本発明は、連結具の固定治具及び連結具の固定方法に関する。
立坑や橋脚補強等の構造物を地中に構築するために、複数のセグメントを連結してリング体を構築し、リング体をその軸孔方向に重ねて複数連結した構造体を地中や水中に構築する工法が知られている。近年は、このような構造体の大型化(大口径化、大深度化)が進んでおり、それに伴って工期も長期化する傾向にある。
上記の問題を解消する方法として、例えば、プレートの両端部に連結具を設けたセグメントが知られている(例えば、特許文献1参照)。この構成によれば、連結具を介して隣接するセグメント同士を繋ぎ合わせることができるので、効率よく構造体を構築することができる。
特開2016-205119号公報
このような連結具はプレートと溶接等によって接合するが、接合作業においては、連結具とプレート同士の位置合わせ(接合精度)が重要となる。したがって、高い接合精度を確保するため作業工数を確保する必要があり、接合作業の効率化に課題があった。
そこで、本発明は、上記課題に鑑みてなされたものであり、セグメント等の部材に対して連結具を接合する際の作業性に優れた連結具の固定治具及び連結具の固定方法を提供することを目的とする。
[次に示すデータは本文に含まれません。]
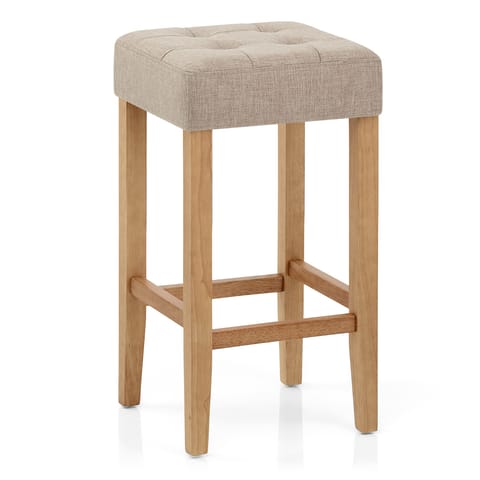 Oliver Oak Stool Tweed Fabric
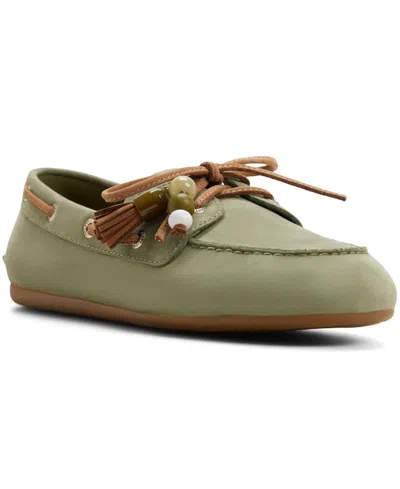 Sperry Women's Slimboat Lace-up Flats, Macy's Exclusive In Green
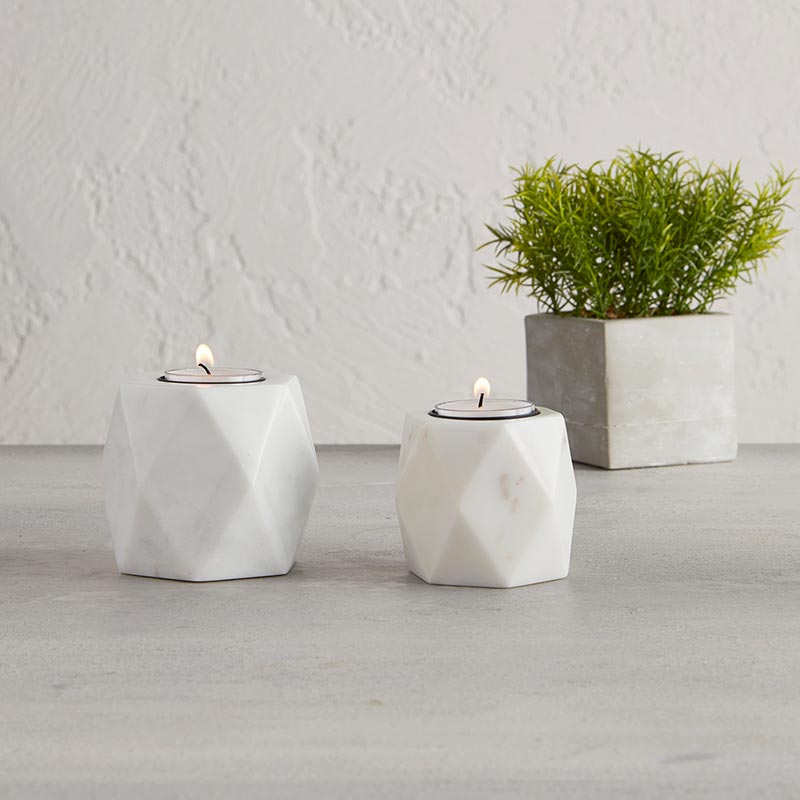 Hexa Pillar Candle Holder - Bombay Mercantile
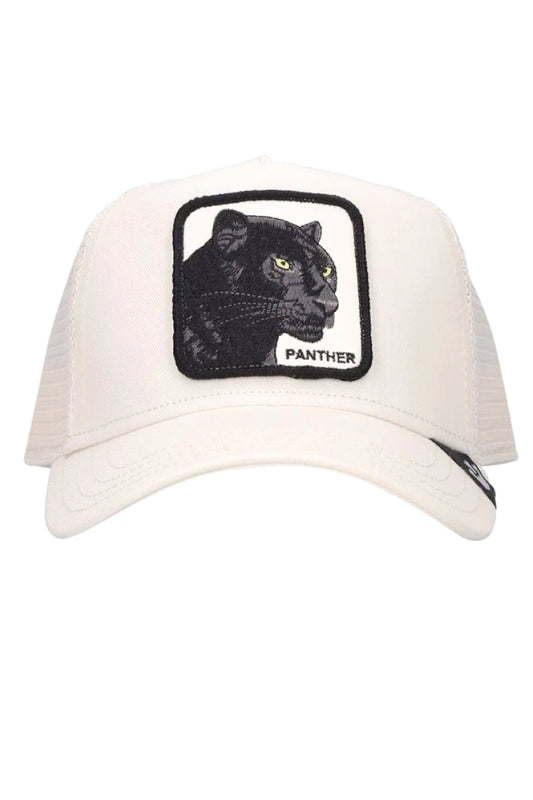 Unisex Panther Trucker Hat - WHI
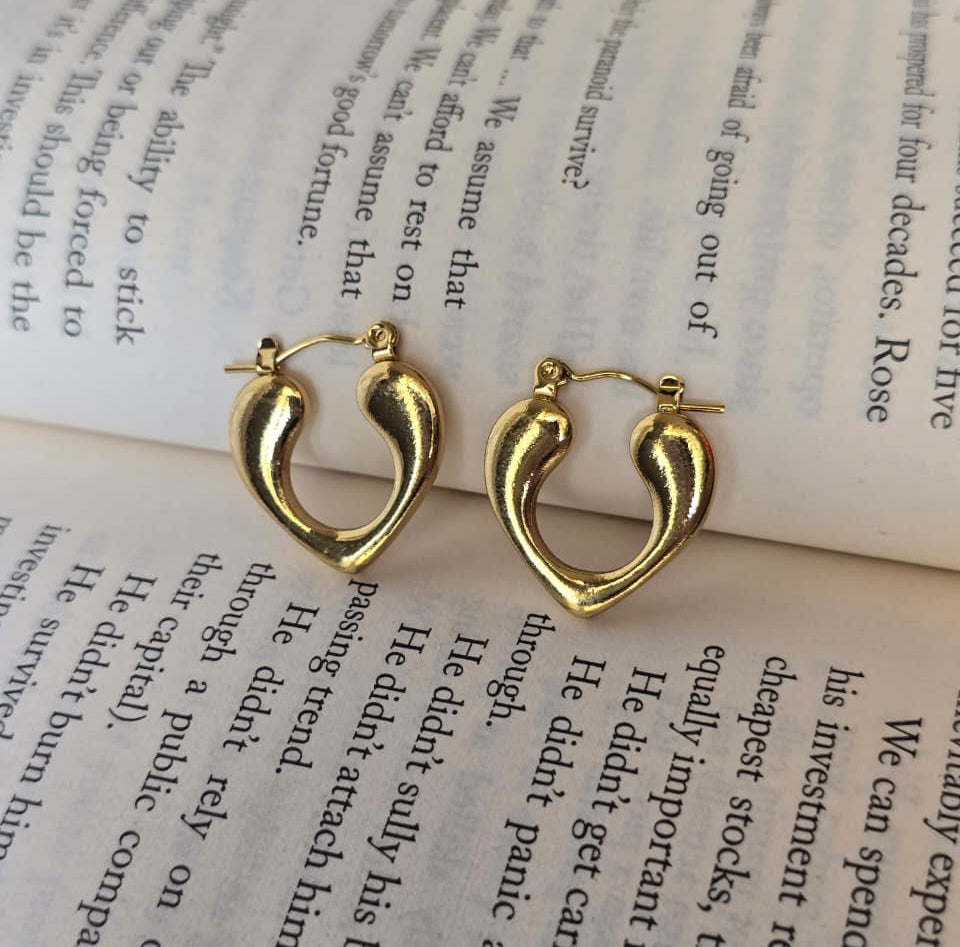 Heart Hoop Earrings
上記課題を解決するため、本発明に係る第1の態様は、互いに対向して形成される主爪と副爪とを有する連結具の固定治具であって、前記主爪と前記副爪との間に配置され、前記主爪及び前記副爪に対して一方向に沿って対向し、前記主爪と前記副爪の内面に当接する第1固定部と、前記主爪に対して前記一方向に沿って対向し、前記主爪と前記第1固定部との当接面とは裏側の前記主爪の外側面に当接し、前記主爪を押圧する第2固定部と、前記副爪に対して前記一方向に沿って対向し、前記副爪と前記第1固定部との当接面とは裏側の前記副爪の外側面に当接し、前記副爪を押圧する第3固定部とを有する。
また、前記第1固定部は、固定される基端部と、前記基端部の一端側に設けられ、前記主爪と前記副爪の内側面に当接する頭部とを有し、前記主爪及び前記副爪は、前記基端部と前記頭部との間で前記第1固定部に係止されることが好ましい。
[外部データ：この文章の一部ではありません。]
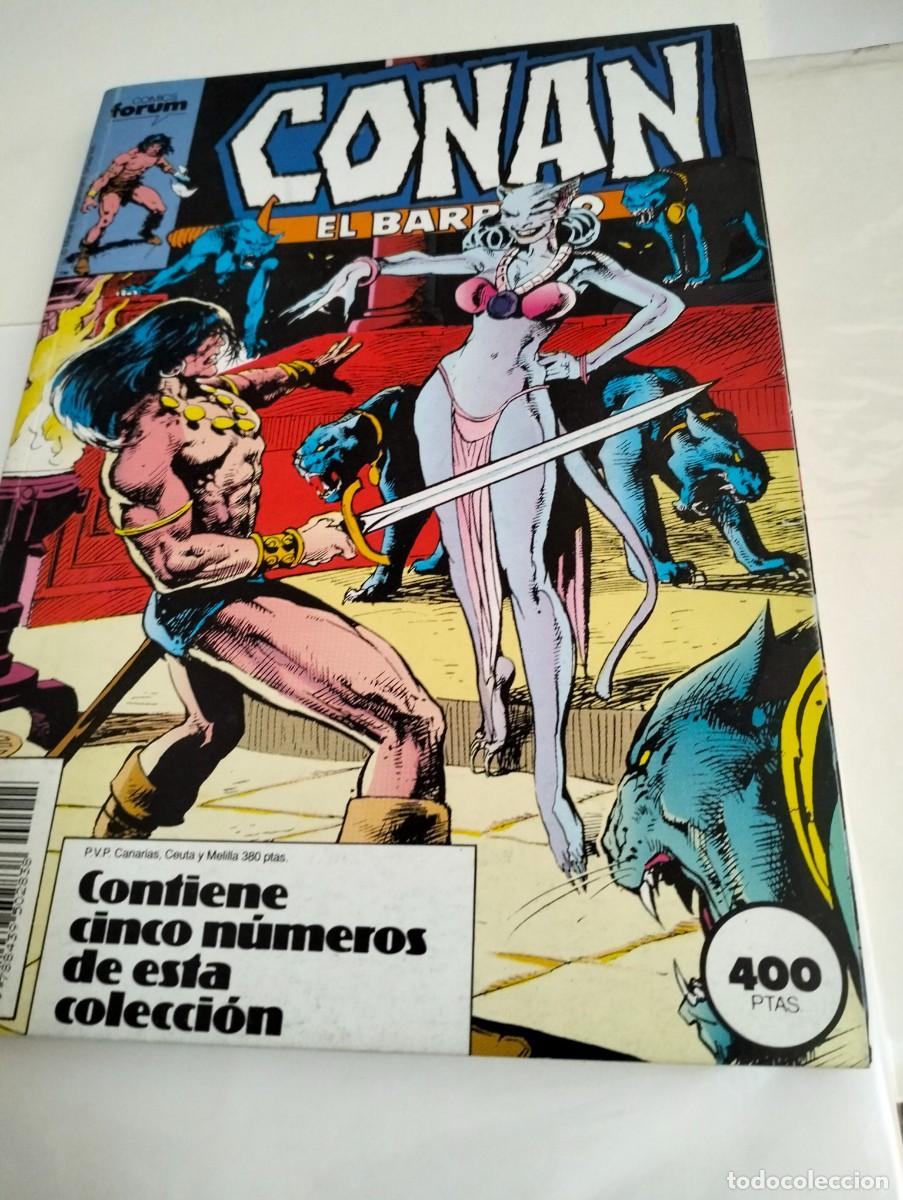 Tebeos: CONAN : RETAPADO # 161 - 165 ( contiene 5 n&uacute;meros ) FORUM - Foto 1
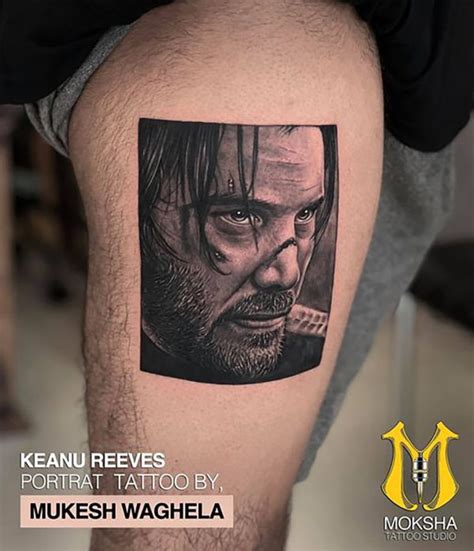 Keanu Reeves Portrait Tattoo By Mukesh Waghela Best Tattoo Artist In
また、前記第2固定部と前記第3固定部との少なくとも一方の前記第1固定部に対する位置を調節する調節部を有することが好ましい。
また、前記調節部は、前記第2固定部と前記第3固定部の少なくとも一方を前記第1固定部の前記基端部から前記頭部に向かう方向に沿って移動させることが好ましい。
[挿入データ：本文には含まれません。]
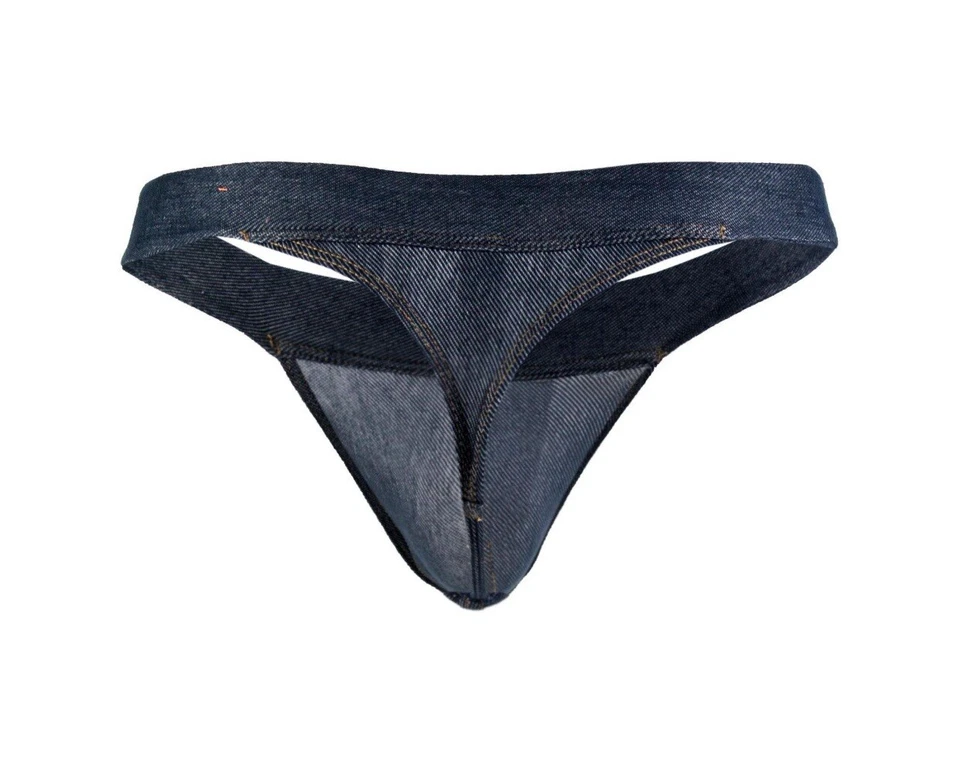 Candyman Denim Thong Blue 99338 Size Medium - Image 3 of 4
また、各固定部を収容する筐体を有し、前記筐体は、前記第2固定部と前記第3固定部との少なくとも一方の前記第1固定部に対する位置を確認する窓部を有することが好ましい。
また、前記頭部は、前記主爪の内側面と当接する第1テーパ部と、前記副爪の内側面と当接する第2テーパ部とを有することが好ましい。
また、前記連結具は、鋼矢板の継手部から形成されていることが好ましい。
また、本発明に係る第2の態様は、主爪と該主爪と間隔をあけて形成される副爪とを有する連結具を一定の姿勢に固定する連結具の固定方法であって、前記主爪と前記副爪との間に第1固定部を配置し、該第1固定部を前記主爪及び前記副爪に対して一方向に沿って対向させて前記主爪と前記副爪の内面に当接させる工程と、前記主爪と前記第1固定部との当接面の裏側にある前記主爪の外面を第2固定部により押圧する工程と、前記副爪と前記第1固定部との当接面の裏側にある前記副爪の外面を第3固定部により押圧する工程とを有する。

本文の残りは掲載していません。